Your assignment: The answer should be the exact lines from the line containing "Leiden Flagge - Kinder" through the last line of the material below, with no pictures.

Records shown:
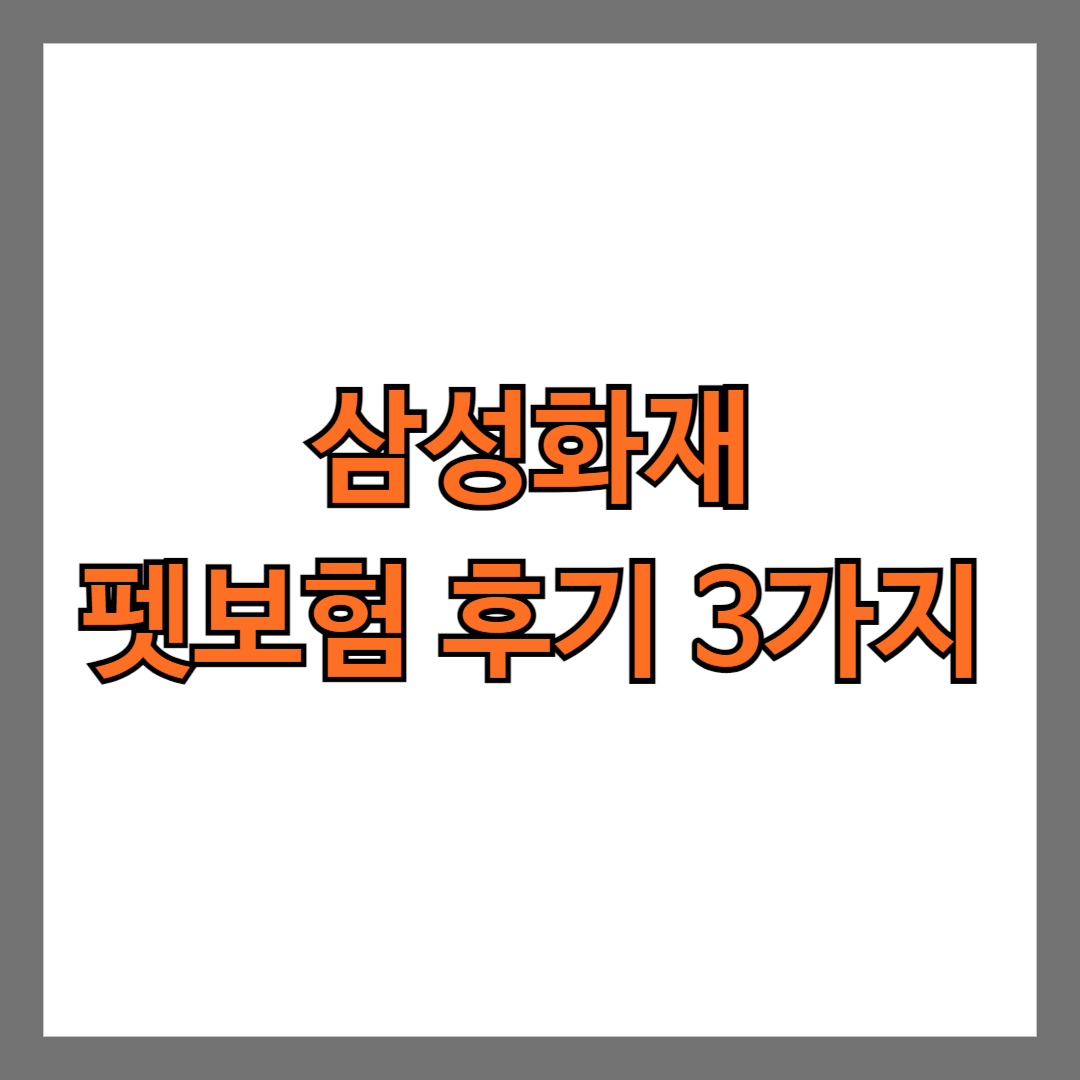 삼성화재 펫보험 후기 3가지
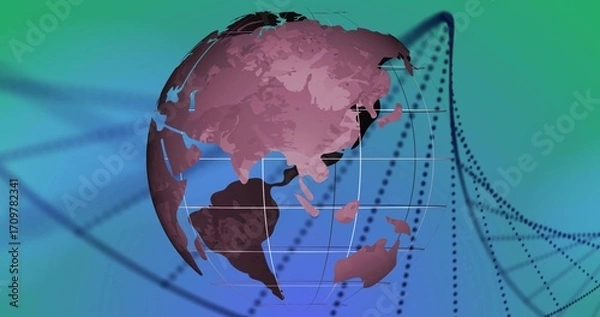 Obraz Showing globe with Asia Africa Australia Europe on gradient, with grid overlay, dotted connections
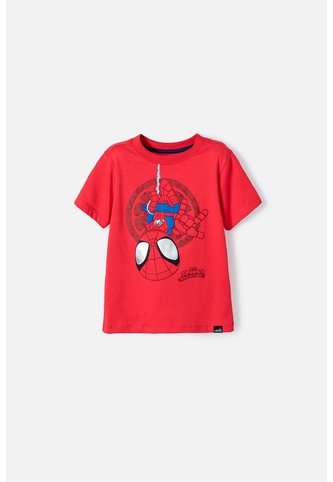 Camiseta Spider-man Manga Corta Roja Para Niño 2T A 5T 5T Marvel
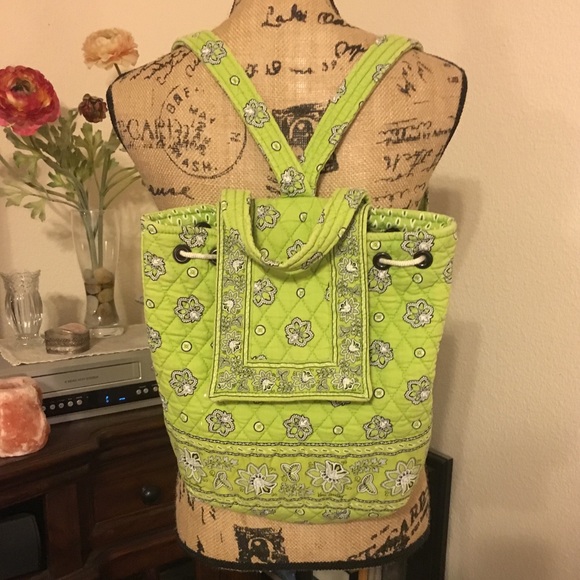 Vera Bradley Handbags - Vera Bradley RARE Kiwi Green Bandana Mimi Backpack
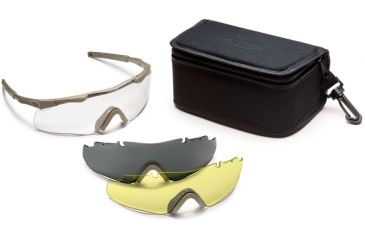 Image of Smith Optics Aegis Arc Compact Safety Glasses w/ Gray &amp; Yellow Spare Lens, Tan 499 Frame AEGACT49912-3R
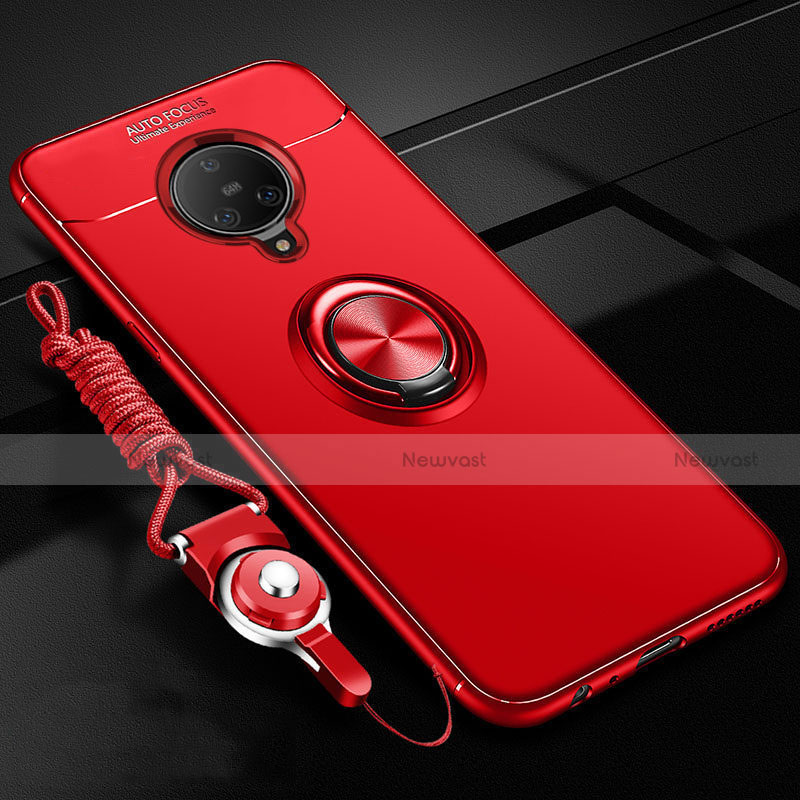 Ultra-thin Silicone Gel Soft Case Cover with Magnetic Finger Ring Stand A02 for Vivo Nex 3 Red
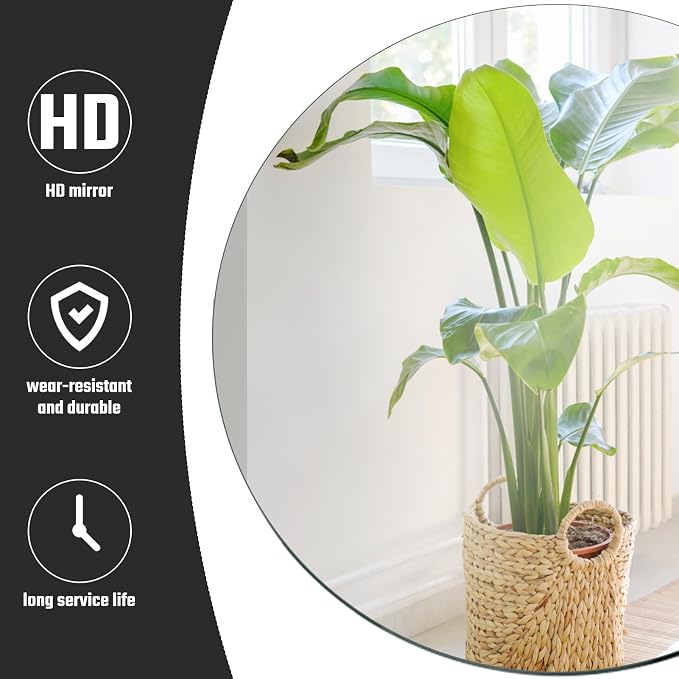 Seelenruhe 12" Round Mirrors for Centerpieces for Tables, Round Mirrors Trays Plates for Centerpieces, Wedding Decorations, Baby Shower Party, Christmas Decorations, 2mm, 12 PCS - Image 3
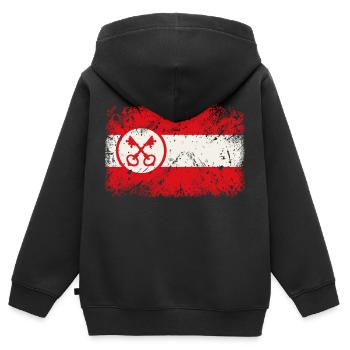 Leiden Flagge - Kinder Premium Organic Zip Hoodie - Schwarz - Hinten - AI Model Kid Male (0cm)
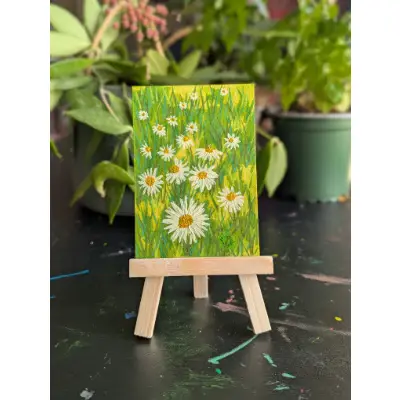 Yard Daisies aceo art card thumbnail 1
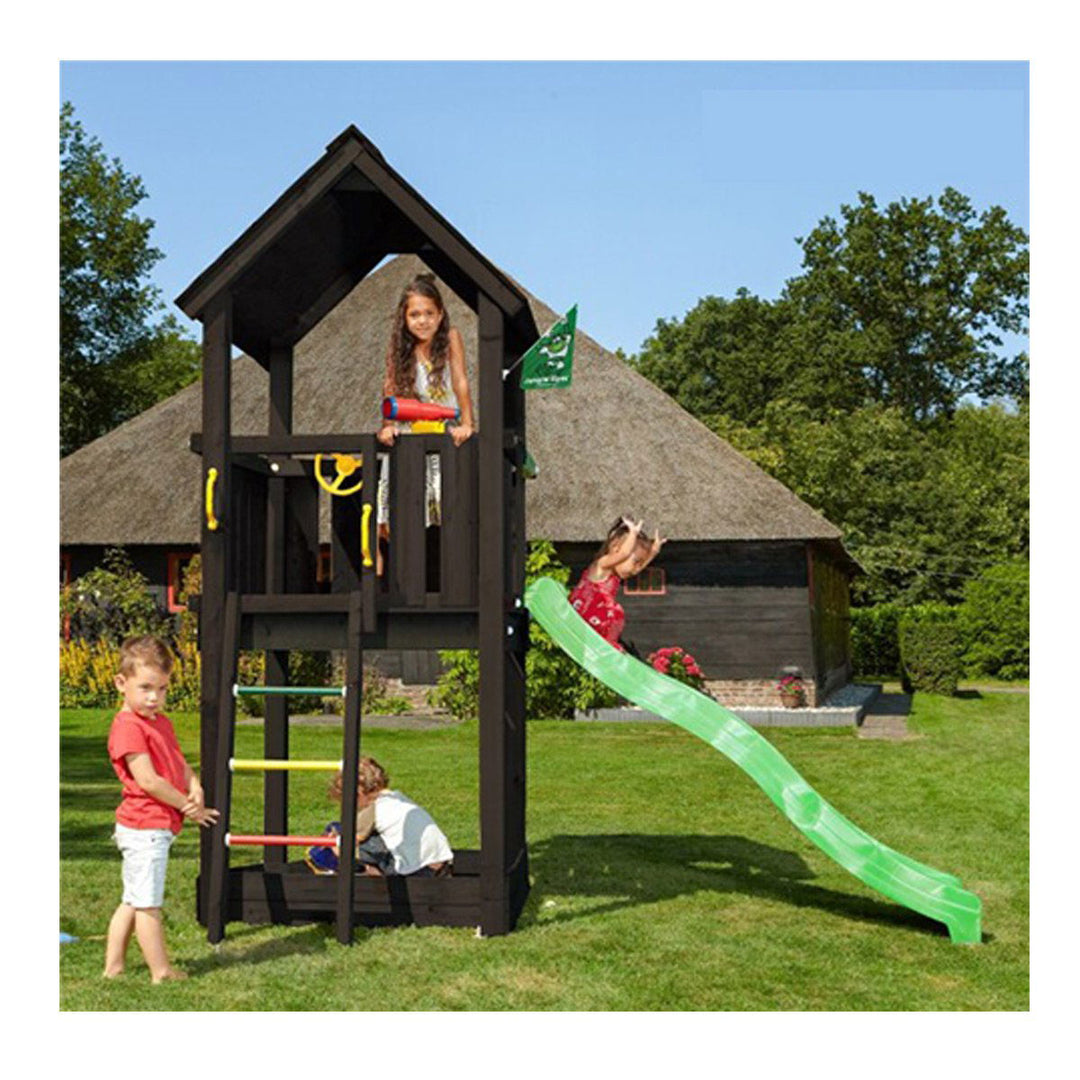 Produktbillede af Jungle Gym Club legetårn komplet inkl. rutsjebane grundmalet sort på tilbud i høj kvalitet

Result of this exercise:
 Leiden Flagge - Kinder Premium Organic Zip Hoodie - Schwarz - Hinten - AI Model Kid Male (0cm)
 Yard Daisies aceo art card thumbnail 1
 Produktbillede af Jungle Gym Club legetårn komplet inkl. rutsjebane grundmalet sort på tilbud i høj kvalitet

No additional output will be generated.